- _Recorded data_
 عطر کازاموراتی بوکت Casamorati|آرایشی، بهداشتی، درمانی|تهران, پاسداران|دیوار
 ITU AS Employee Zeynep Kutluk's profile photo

==

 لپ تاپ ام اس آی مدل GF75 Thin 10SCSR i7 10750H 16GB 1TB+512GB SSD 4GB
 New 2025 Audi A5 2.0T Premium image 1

- _Exercise goal_
When the line with "لپ تاپ ام اس" is reached in the data above, start copying there, and copy each line exactly until the line with "New 2025 Audi A5 2.0T Premium image 1" has been copied; copy nothing else.

- _Response area_
 لپ تاپ ام اس آی مدل GF75 Thin 10SCSR i7 10750H 16GB 1TB+512GB SSD 4GB
 New 2025 Audi A5 2.0T Premium image 1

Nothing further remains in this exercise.